Exercise directions:
Of all the lines below, output only those starting at the one with "Item preview, Ubud" and ending at the one with "Professionelle Lateinamerikanische Ballschuhe", both ends included, exactly as written.

═══ Source information

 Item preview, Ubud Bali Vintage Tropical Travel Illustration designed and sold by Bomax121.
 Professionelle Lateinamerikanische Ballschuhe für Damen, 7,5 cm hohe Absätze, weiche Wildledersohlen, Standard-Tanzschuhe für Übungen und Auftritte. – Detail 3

══════
═══ Source information

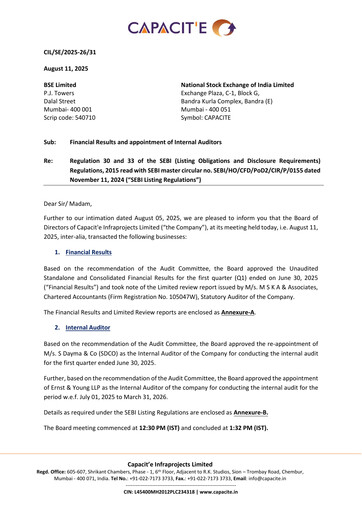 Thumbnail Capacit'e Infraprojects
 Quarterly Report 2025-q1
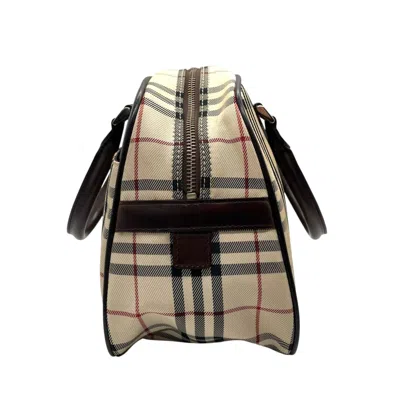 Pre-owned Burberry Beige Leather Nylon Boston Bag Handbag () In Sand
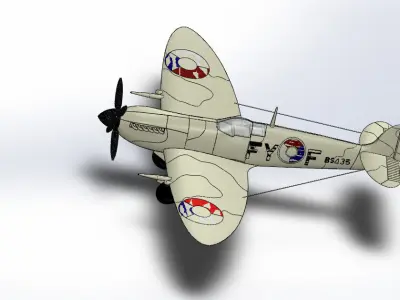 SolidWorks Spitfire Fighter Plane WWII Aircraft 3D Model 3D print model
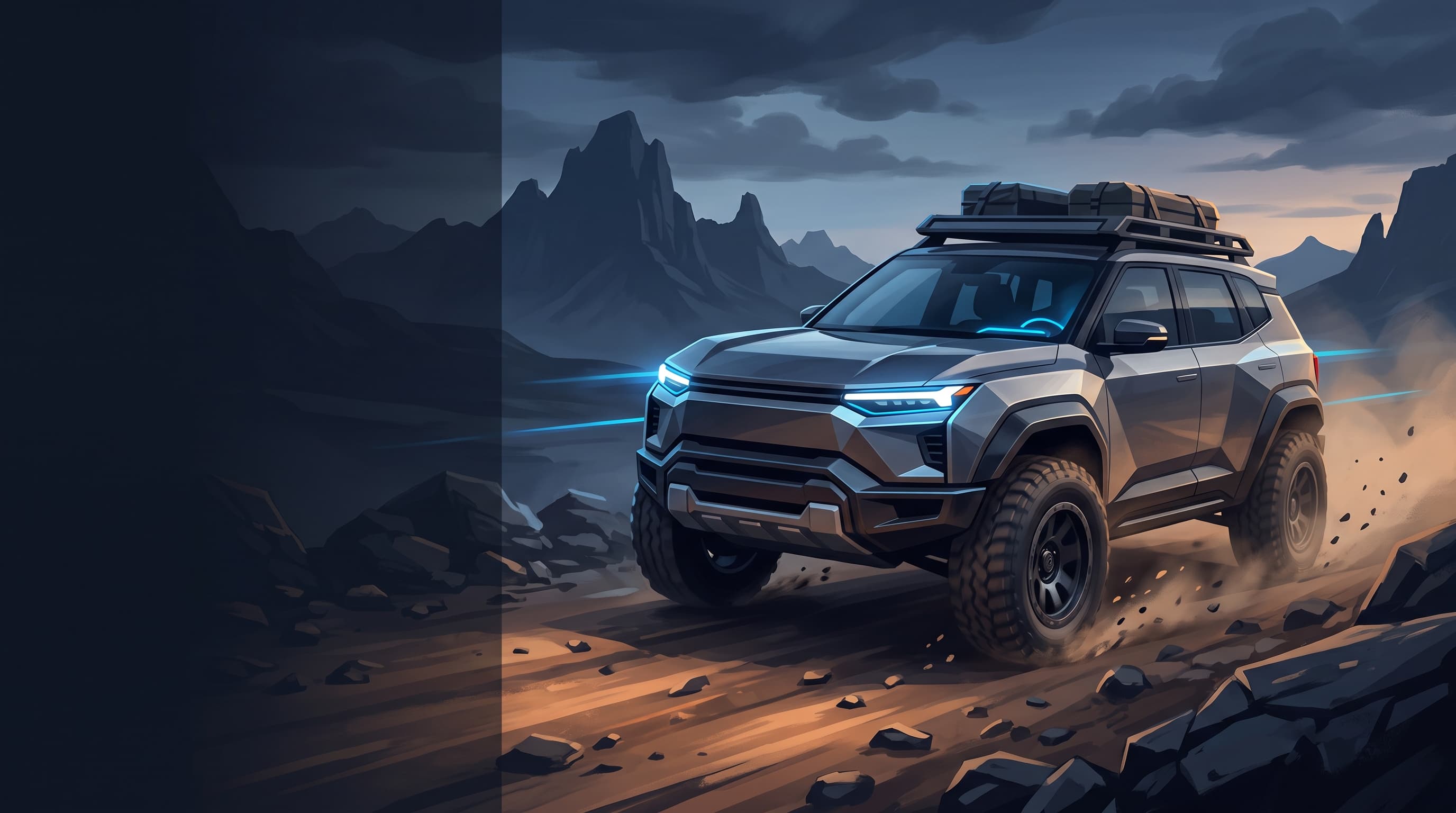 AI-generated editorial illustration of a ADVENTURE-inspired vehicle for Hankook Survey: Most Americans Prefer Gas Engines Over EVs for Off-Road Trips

══════

Your response:
 Item preview, Ubud Bali Vintage Tropical Travel Illustration designed and sold by Bomax121.
 Professionelle Lateinamerikanische Ballschuhe für Damen, 7,5 cm hohe Absätze, weiche Wildledersohlen, Standard-Tanzschuhe für Übungen und Auftritte. – Detail 3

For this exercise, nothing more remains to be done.